The [`RoundingMode`](@ref) `r` controls the direction of the rounding; the default is [`RoundNearest`](@ref), which rounds to the nearest integer, with ties (fractional values of 0.5) being rounded to the nearest even integer. Note that `round` may give incorrect results if the global rounding mode is changed (see [`rounding`](@ref)).

# Examples

```jldoctest
julia> round(1.7)
2.0

julia> round(Int, 1.7)
2

julia> round(1.5)
2.0

julia> round(2.5)
2.0

julia> round(pi; digits=2)
3.14

julia> round(pi; digits=3, base=2)
3.125

julia> round(123.456; sigdigits=2)
120.0

julia> round(357.913; sigdigits=4, base=2)
352.0
```

!!! note
    Rounding to specified digits in bases other than 2 can be inexact when operating on binary floating point numbers. For example, the [`Float64`](@ref) value represented by `1.15` is actually *less* than 1.15, yet will be rounded to 1.2.

    # Examples

    ```jldoctest; setup = :(using Printf)
    julia> x = 1.15
    1.15

    julia> @sprintf "%.20f" x
    "1.14999999999999991118"

    julia> x < 115//100
    true

    julia> round(x, digits=1)
    1.2
    ```


# Extensions

To extend `round` to new numeric types, it is typically sufficient to define `Base.round(x::NewType, r::RoundingMode)`.

---

```
round(dt::TimeType, p::Period, [r::RoundingMode]) -> TimeType
```

Return the `Date` or `DateTime` nearest to `dt` at resolution `p`. By default (`RoundNearestTiesUp`), ties (e.g., rounding 9:30 to the nearest hour) will be rounded up.

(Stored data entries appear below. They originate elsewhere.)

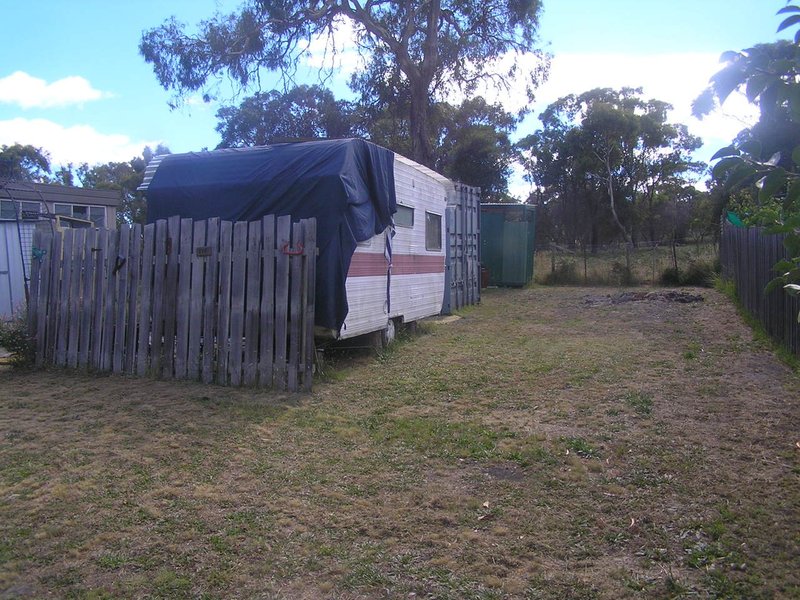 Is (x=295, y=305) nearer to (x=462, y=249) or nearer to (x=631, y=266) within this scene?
(x=462, y=249)

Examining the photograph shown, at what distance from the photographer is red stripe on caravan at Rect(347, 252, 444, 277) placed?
7.70 meters

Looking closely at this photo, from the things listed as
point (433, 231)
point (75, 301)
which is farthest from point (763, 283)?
point (75, 301)

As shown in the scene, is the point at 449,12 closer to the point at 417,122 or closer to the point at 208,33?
the point at 417,122

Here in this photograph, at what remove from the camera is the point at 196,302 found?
6770 millimetres

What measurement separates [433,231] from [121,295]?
5.61 m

For convenience, `p` may be a type instead of a value: `round(dt, Dates.Hour)` is a shortcut for `round(dt, Dates.Hour(1))`.

```jldoctest
julia> round(Date(1985, 8, 16), Dates.Month)
1985-08-01

julia> round(DateTime(2013, 2, 13, 0, 31, 20), Dates.Minute(15))
2013-02-13T00:30:00

julia> round(DateTime(2016, 8, 6, 12, 0, 0), Dates.Day)
2016-08-07T00:00:00
```

Valid rounding modes for `round(::TimeType, ::Period, ::RoundingMode)` are `RoundNearestTiesUp` (default), `RoundDown` (`floor`), and `RoundUp` (`ceil`).

---

```
round(x::Period, precision::T, [r::RoundingMode]) where T <: Union{TimePeriod, Week, Day} -> T
```

Round `x` to the nearest multiple of `precision`. If `x` and `precision` are different subtypes of `Period`, the return value will have the same type as `precision`. By default (`RoundNearestTiesUp`), ties (e.g., rounding 90 minutes to the nearest hour) will be rounded up.

For convenience, `precision` may be a type instead of a value: `round(x, Dates.Hour)` is a shortcut for `round(x, Dates.Hour(1))`.

```jldoctest
julia> round(Dates.Day(16), Dates.Week)
2 weeks

julia> round(Dates.Minute(44), Dates.Minute(15))
45 minutes

julia> round(Dates.Hour(36), Dates.Day)
2 days
```

Valid rounding modes for `round(::Period, ::T, ::RoundingMode)` are `RoundNearestTiesUp` (default), `RoundDown` (`floor`), and `RoundUp` (`ceil`).

Rounding to a `precision` of `Month`s or `Year`s is not supported, as these `Period`s are of inconsistent length.